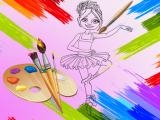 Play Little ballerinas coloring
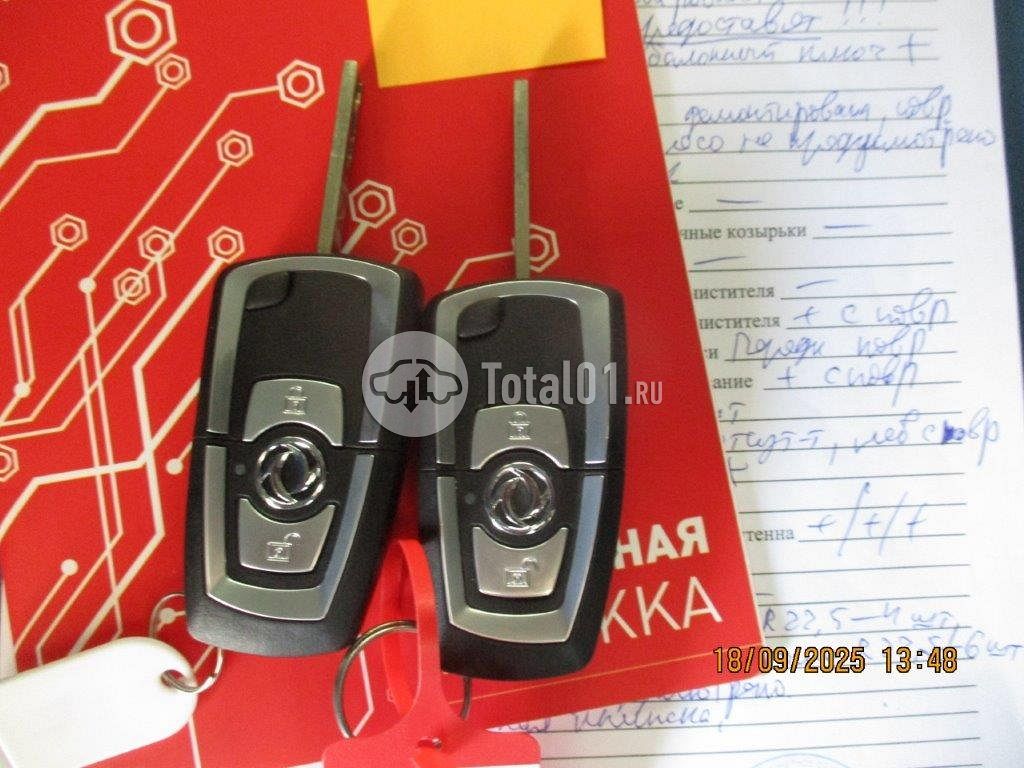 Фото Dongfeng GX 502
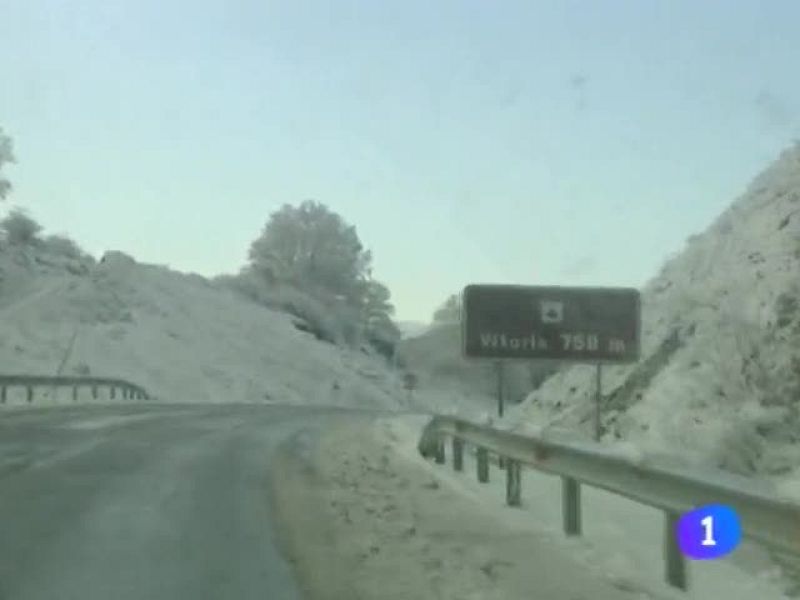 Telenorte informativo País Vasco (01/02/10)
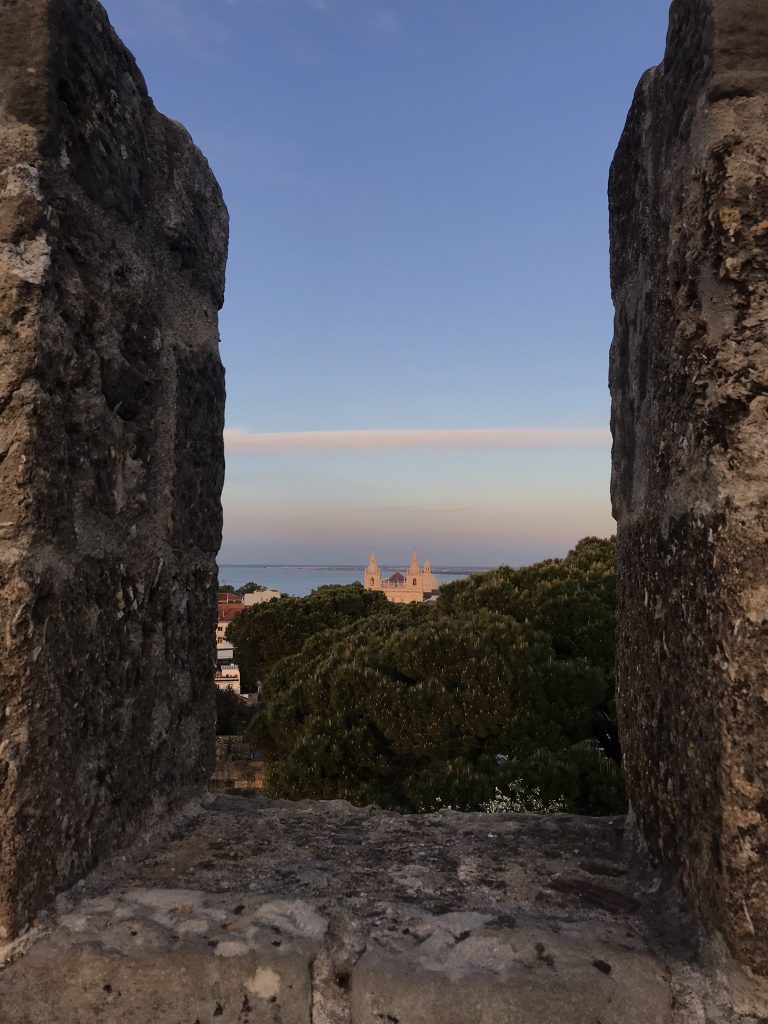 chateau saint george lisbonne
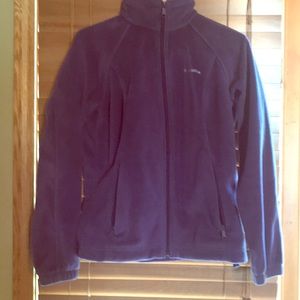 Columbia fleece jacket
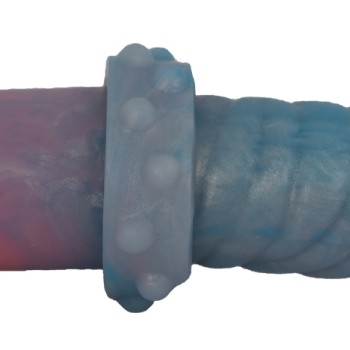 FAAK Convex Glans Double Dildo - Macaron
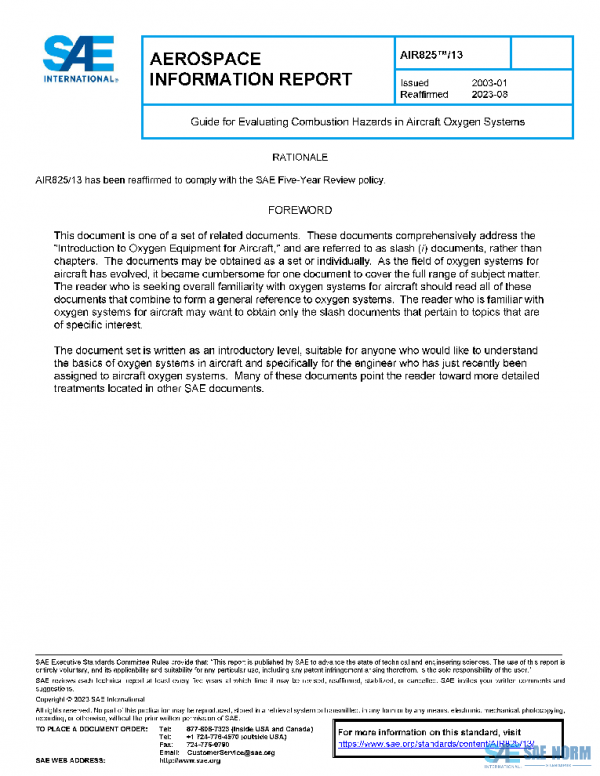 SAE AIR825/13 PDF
■ ■ ■
Task –
Please reproduce the entries from above exactly; images are not part of the copy.

Solution to the exercise –
 Play Little ballerinas coloring
 Фото Dongfeng GX 502
 Telenorte informativo País Vasco (01/02/10)
 chateau saint george lisbonne
 Columbia fleece jacket
 FAAK Convex Glans Double Dildo - Macaron
 SAE AIR825/13 PDF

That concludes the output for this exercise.